Il y a quelques semaines, j’ai eu l’immense chance de présenter mes récents travaux lors de la conférence « Evolution – the molecular landscape » organisée au laboratoire de Cold Spring Harbor (c’est à Long Island, tout près de New York). C’était une des grandes conférences de l’année sur l’évolution (année Darwin oblige) et une des conférences Landmark de CSHL sur l’évolution, la dernière remontant à 50 ans pil poil.
Comme dans toutes les conférences, petites ou grande, il y eu une grande consommation de boissons caféines, des jugements portés principalement sur la qualité de la restauration (très bon niveau), des célébrités, des gens moins connus, des moments de gloire, des moments de solitude.
Il y a évidemment beaucoup de choses à dire sur le plan scientifiques, vu la qualité et surtout le nombre de conférences auxquelles l’équipe de Procrastinons un peu… a assisté. Pour essayer de faire court et logique, mes réflexions post-conférence vont se composer en trois actes : les bofs, les ouais cool et le top du top du meilleur de.

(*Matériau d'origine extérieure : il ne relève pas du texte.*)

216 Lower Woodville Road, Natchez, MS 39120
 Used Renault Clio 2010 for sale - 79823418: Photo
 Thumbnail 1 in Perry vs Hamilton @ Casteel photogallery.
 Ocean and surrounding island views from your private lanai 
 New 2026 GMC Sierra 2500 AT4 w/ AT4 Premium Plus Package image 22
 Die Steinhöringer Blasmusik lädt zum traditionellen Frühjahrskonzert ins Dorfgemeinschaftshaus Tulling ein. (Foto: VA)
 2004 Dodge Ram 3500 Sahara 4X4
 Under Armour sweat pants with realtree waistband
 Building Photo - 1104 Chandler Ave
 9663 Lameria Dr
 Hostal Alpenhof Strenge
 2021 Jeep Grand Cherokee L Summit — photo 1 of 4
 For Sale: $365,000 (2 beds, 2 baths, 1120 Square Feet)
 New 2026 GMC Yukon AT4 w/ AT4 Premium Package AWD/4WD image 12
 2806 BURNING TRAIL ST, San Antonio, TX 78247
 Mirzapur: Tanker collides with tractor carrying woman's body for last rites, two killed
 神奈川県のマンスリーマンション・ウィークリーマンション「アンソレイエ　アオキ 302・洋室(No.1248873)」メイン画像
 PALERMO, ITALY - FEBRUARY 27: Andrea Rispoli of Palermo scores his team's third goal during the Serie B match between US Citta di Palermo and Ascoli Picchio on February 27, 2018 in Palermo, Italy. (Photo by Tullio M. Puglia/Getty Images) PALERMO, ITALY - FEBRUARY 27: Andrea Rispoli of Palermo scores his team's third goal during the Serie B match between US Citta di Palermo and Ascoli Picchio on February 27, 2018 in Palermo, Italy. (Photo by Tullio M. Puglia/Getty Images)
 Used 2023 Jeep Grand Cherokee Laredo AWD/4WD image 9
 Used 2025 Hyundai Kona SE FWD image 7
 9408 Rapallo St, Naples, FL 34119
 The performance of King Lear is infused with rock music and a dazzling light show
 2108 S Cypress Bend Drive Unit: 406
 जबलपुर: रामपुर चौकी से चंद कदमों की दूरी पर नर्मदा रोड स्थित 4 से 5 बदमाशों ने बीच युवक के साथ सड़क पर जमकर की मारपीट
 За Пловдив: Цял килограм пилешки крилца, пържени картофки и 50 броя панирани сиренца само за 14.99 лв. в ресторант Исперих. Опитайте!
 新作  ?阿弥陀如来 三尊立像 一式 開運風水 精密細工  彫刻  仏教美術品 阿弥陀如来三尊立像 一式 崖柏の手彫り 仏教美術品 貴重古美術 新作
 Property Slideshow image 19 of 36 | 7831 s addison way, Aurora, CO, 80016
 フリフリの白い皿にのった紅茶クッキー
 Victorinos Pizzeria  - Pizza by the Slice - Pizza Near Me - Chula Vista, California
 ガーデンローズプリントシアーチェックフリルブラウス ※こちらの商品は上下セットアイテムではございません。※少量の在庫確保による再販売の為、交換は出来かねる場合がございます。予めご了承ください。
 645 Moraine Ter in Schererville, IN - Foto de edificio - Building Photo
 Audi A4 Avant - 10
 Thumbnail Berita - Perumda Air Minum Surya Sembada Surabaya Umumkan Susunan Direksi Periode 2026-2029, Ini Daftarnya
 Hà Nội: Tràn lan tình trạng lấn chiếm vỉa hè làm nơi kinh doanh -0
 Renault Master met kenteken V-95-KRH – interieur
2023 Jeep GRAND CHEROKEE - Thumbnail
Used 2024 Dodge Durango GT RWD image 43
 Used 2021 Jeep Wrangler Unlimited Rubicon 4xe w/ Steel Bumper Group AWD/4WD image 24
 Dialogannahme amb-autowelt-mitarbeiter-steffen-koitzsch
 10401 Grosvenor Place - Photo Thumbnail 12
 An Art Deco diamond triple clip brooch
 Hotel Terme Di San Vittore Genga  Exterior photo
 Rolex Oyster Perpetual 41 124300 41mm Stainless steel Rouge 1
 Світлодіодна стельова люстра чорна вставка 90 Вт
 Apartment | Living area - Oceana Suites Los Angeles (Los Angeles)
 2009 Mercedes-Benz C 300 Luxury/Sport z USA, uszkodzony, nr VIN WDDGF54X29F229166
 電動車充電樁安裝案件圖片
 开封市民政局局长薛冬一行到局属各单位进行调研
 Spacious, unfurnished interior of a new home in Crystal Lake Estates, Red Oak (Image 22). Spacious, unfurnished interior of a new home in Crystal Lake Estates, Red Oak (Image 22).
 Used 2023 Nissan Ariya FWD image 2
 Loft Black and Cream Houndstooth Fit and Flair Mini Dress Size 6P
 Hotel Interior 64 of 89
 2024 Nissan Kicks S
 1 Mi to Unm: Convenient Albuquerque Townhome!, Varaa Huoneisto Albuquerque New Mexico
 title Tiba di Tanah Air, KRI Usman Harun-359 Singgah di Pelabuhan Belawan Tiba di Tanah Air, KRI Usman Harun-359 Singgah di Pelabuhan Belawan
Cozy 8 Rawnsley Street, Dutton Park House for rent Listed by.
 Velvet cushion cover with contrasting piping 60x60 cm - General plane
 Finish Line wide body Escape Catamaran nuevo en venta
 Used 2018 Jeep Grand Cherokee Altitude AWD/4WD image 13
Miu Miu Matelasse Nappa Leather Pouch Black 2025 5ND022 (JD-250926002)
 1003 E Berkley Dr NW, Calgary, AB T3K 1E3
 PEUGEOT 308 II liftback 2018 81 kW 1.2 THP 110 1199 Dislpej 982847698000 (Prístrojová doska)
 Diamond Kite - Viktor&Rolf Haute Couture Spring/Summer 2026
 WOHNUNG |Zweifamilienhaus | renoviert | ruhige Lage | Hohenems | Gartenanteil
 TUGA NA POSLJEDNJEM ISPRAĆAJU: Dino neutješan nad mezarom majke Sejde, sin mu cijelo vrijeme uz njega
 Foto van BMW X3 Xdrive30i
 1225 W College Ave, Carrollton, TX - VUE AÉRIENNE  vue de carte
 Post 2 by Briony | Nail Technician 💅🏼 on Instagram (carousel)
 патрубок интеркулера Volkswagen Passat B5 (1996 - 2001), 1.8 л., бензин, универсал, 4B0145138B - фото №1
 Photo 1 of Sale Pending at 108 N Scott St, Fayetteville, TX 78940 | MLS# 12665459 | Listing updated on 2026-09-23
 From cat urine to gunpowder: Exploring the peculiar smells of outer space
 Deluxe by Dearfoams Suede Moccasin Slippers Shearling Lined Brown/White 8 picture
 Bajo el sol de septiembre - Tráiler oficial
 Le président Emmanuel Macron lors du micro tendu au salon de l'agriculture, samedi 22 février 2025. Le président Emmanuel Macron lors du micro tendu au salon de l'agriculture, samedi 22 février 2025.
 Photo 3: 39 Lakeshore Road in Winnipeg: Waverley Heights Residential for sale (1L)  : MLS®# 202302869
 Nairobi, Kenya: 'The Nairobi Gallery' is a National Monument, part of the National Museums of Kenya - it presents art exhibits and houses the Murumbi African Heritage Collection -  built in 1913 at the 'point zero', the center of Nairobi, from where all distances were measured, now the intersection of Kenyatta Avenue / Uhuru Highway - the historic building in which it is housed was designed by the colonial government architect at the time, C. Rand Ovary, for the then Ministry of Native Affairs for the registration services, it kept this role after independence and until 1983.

Donc, commençons avec le bof.
Il est difficile de vraiment pointer une conférence décevante, sur le plan scientifique du moins, il est difficile avec le jetlag de garder les paupières ouvertes quand on s’emmerde. J’en vois une qui sort du lot, plus une intervention qui n’était pas prévue au programme.
Globalement, il y a un grand reproche que je ferai à mes collègues scientifiques, c’est qu’ils ne savent pas présenter. Certains, si, heureusement. Les conférences incriminées ne sont pas du tout dépourvues sur le plan scientifique, mais les auteurs oublient souvent la différence entre forme et fond en s’imaginant que seul le fond compte, qu’une présentation à la science solide sera intéressante d’elle-même. C’est une erreur grave qui prend forme dans l’oublie simple qu’un scientifique est avant toute chose un être humain, c’est à dire attiré par ce qui brille, ce qui est rigolo, ce qui est sexy, ce qu’il peut comprendre et assimiler dans le laps de temps très court d’une conférence : vous avez deux minutes pour gagner la foule et vous la mettre dans la poche, au delà c’est foutu.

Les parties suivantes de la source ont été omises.